Behind the visionary gaze of his dark sunglasses, five gospel horns hanging from his neck, a testimony to multiple creation, comprehending the compound colorations of the human voice, the infinite possibilities of sound, Roland Kirk tossed down an array of sonic riffs whose immediacy was incontestable. "Music that makes us cry, love that money can't buy, let's all search for the reason why ." And as the Roland Kirk Spirit Choir intoned in response, "Can't you hear the spirits up above?"

The people of Bosavi would have understood, and thus a word of caution to would-be listeners. Read no further, unless you are prepared to enter a world wherein sound and human sentiment are inseparable, one whose musical conception offers a radical critique of our unexamined account of reality, and hence, of the very character of the human condition.
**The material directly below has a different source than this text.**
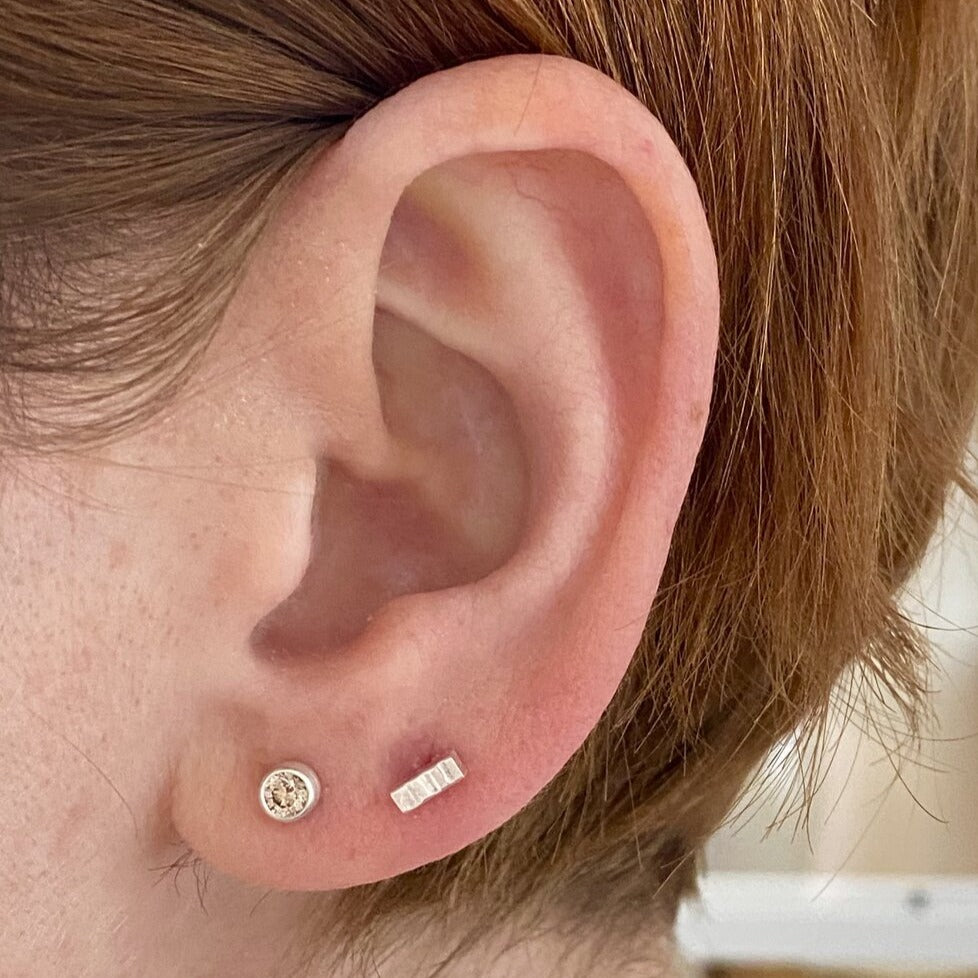Sterling silver and round brilliant champagne diamond stud earrings. Handmade by EC Design Studio in Minneapolis, MN using recycled metal and conflict-free stones.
The Bosavi people, some 2,000 in number, inhabit the rainforest of the Great Papuan Plateau in the Southern Highlands Province of Papua New Guinea (PNG). They identify closely with their natural environment and savor the nuances of its abundant sensory stimuli. With a scintillating sense of acoustic ecology, they use music and sound to extend their grasp of human experience beyond the socio-economic and political constraints, and the perceptual confines, of the visible material world. Music as sound, and sound as music: as these layer, animate, audition, project, give flight to feeling and sensation, they weave human sensibilities into the very fabric of the natural world that sustains life as we know it.

Ethnomusicologist, trombonist, human rights activist, MacArthur award winner and Columbia University professor of anthropology, Steven Feld first went to Bosavi in 1976, and since then has extensively documented the shifting cultural dynamics of life there. His 1991 Voices of the Rainforest (part of Mickey Hart's Endangered Music Project) is a landmark in ambient sound and world roots music. It and two new releases reviewed here comprise a quarter century's sounding, logged in the field during an era of unprecedented cultural, social, economic and political change that has transformed Bosavi life.

A remote region largely untouched by exterior cultural influence before the mid-20th century, constituting what an earlier generation of anthropologists referred to as a "classless, small-scale" society, Bosavi people were drawn involuntarily into the developing national political economy of PNG, and thus assimilated, however incompletely, into the same grasping, discordant transnational universe that we listeners ourselves inhabit.

These recordings trace the sense of absence, yearning and cultural loss written through Bosavi song in a process outsiders gloss cavalierly as "development." But Bosavi song testifies likewise to an irrepressible will to survive in the face of paramount threat to local language and culture. Because whatever else it may be, socio-economic and political "development" remains a fight over the preservation, survival, marginalization, domination, dissolution and extinction of particular human cultures. Bosavi people comprehend this dynamic intuitively, and as their student and collaborator, Feld presents their critical sensibilities to a planetary audience whose own disaffection from the culture of global capitalism gives ample cause to listen and reflect.

There is a profound irony here, of course, insofar as we consumers access unfamiliar forms of cultural expression via electronic mass media and global marketing. Images, sounds, and whole narratives about the varieties of human experience now routinely circulate across traditional cultural and linguistic lines, altering their inflections in the transmission. Such itinerant cultural artifacts and narratives assume the authority of cross-cultural communiqués, but their meaning in any given context is highly fluid, effectively ambiguous and (because subject to politics) fundamentally contradictory.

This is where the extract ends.